The ruling was a defeat for Vijayakumar Thuraissigiam of Sri Lanka, who was detained by federal agents 25 yards north of the U.S.-Mexico border. He said that as a member of his home country's Tamil minority, he faced harm if returned and had once been kidnapped and beaten, though he said he wasn't sure why he was assaulted.

When his asylum claim was rejected, he sought help in federal court by filing a habeas corpus petition, invoking the Constitution's guarantee against unlawful detention. But the Supreme Court said the option wasn't open to him.

Writing for the majority, Justice Samuel Alito said that form of relief is intended to be used for those seeking release from detention, not as an avenue to get into federal court. And other constitutional rights of due process do not automatically apply to migrants simply because they set foot on U.S. soil and have not been legally admitted.

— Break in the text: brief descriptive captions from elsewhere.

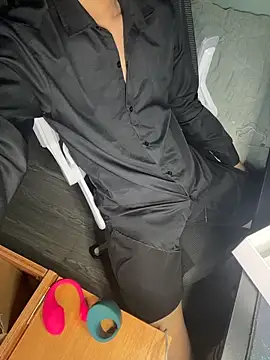 tuanhip online show from 05/10/26, 01:53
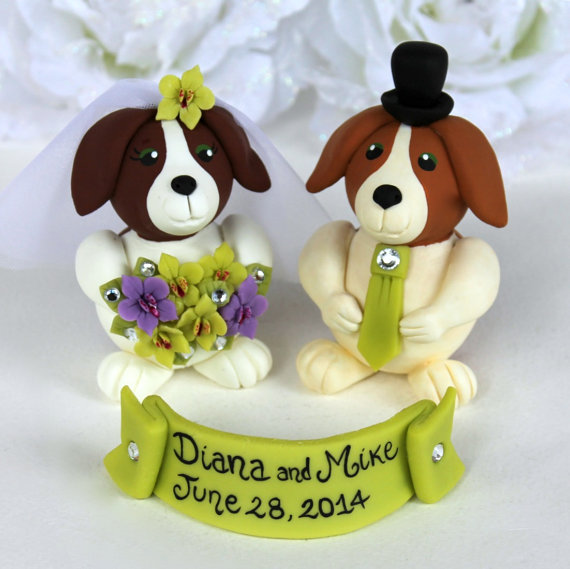 Hochzeit - Dog wedding cake topper, beagles bride and groom, lime green wedding, orchid bouquet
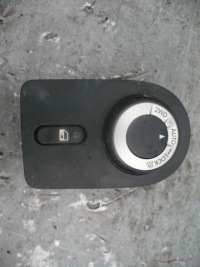 фото thumb №1, Nissan qashqai панель переключатель привода 4x4 j10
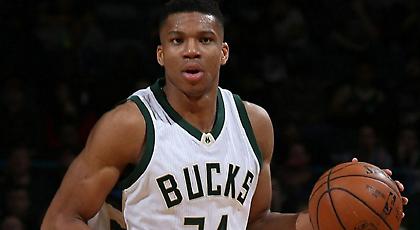 Διπλός Giannis στο Top 10 (video)
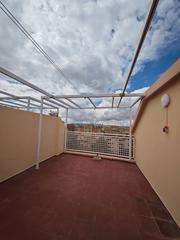 Location Duplex à Calle torre de los siete suelos 9. Dúplex amplio, luminoso, con terrazas, sin muebles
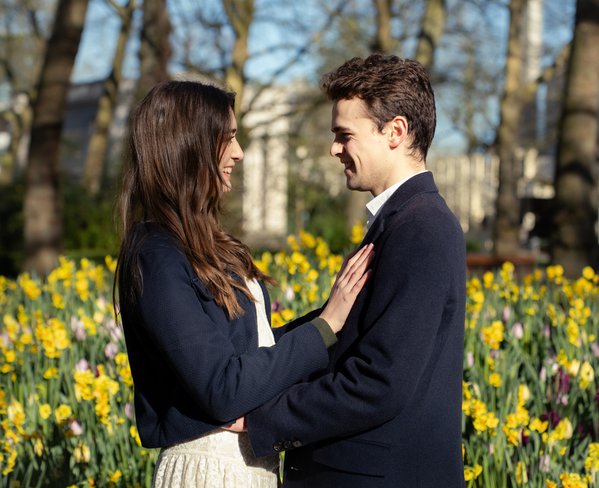 Dating Portrait example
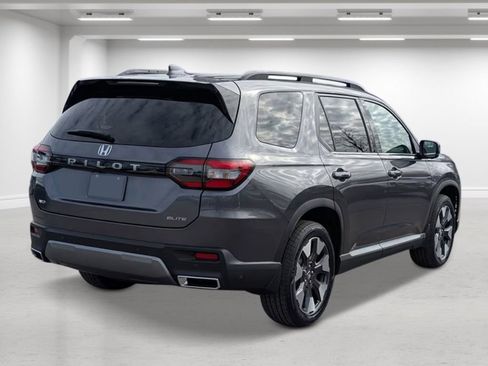 New 2026 Honda Pilot Elite image 5
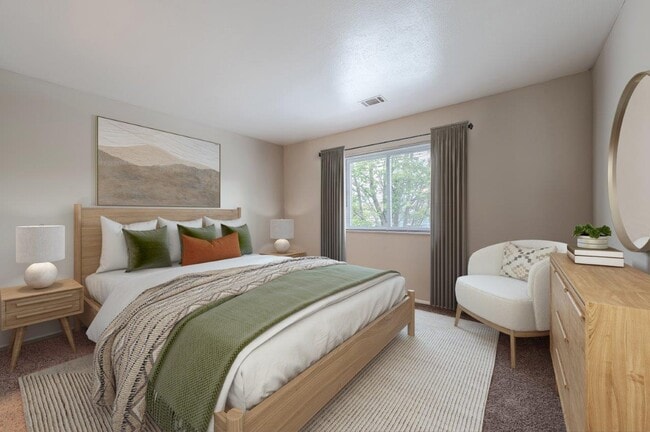 Lakeshore Reserve Off 86th Apartments and Townhomes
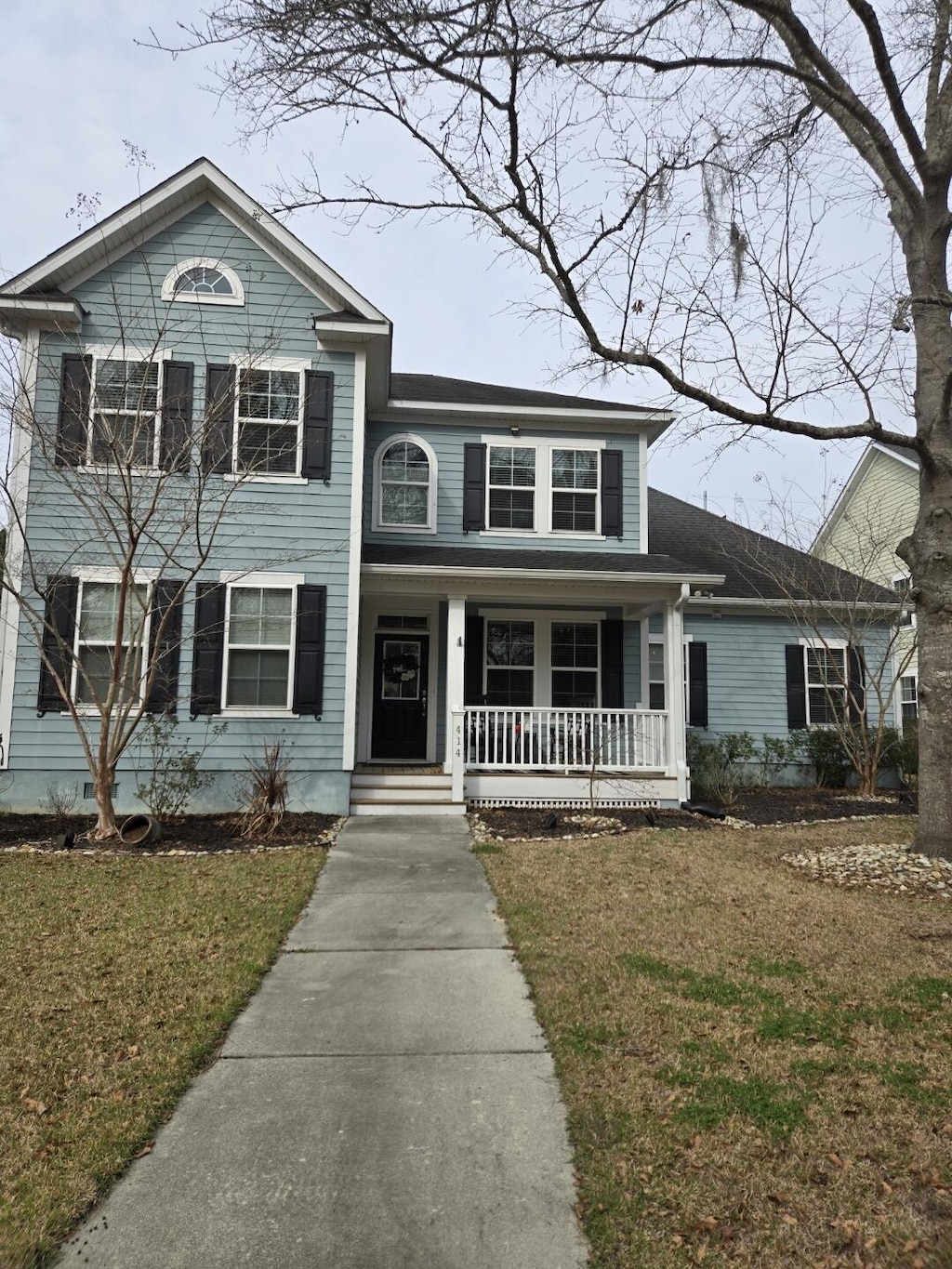 view of front facade with a porch and a front yard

In their dissent, Justices Sonia Sotomayor and Elena Kagan said the court was wrong to rule that constitutional protections don't apply to asylum-seekers "who challenge the procedures used to determine whether they may seek shelter in this country or whether they may be cast to an unknown fate." The decision "increases the risk of erroneous immigration decisions."

Lee Gelernt of the ACLU, which represented the Sri Lankan man, said the ruling "fails to live up to the Constitution's bedrock principle that individuals deprived of their liberty have their day in court, and this includes asylum-seekers." As a result, he said, "some people facing flawed deportation orders can be forcibly removed with no judicial oversight, putting their lives in grave danger."

The Trump administration has said the U.S. asylum system is abused and that most claims turn out to have no merit.

In the past, undocumented migrants could be subject to quick deportation, without federal court hearings, if they were detained within 14 days of entry and within 100 miles of the border. The administration wants to apply that rule to people anywhere in the U.S. within two years of entering the country.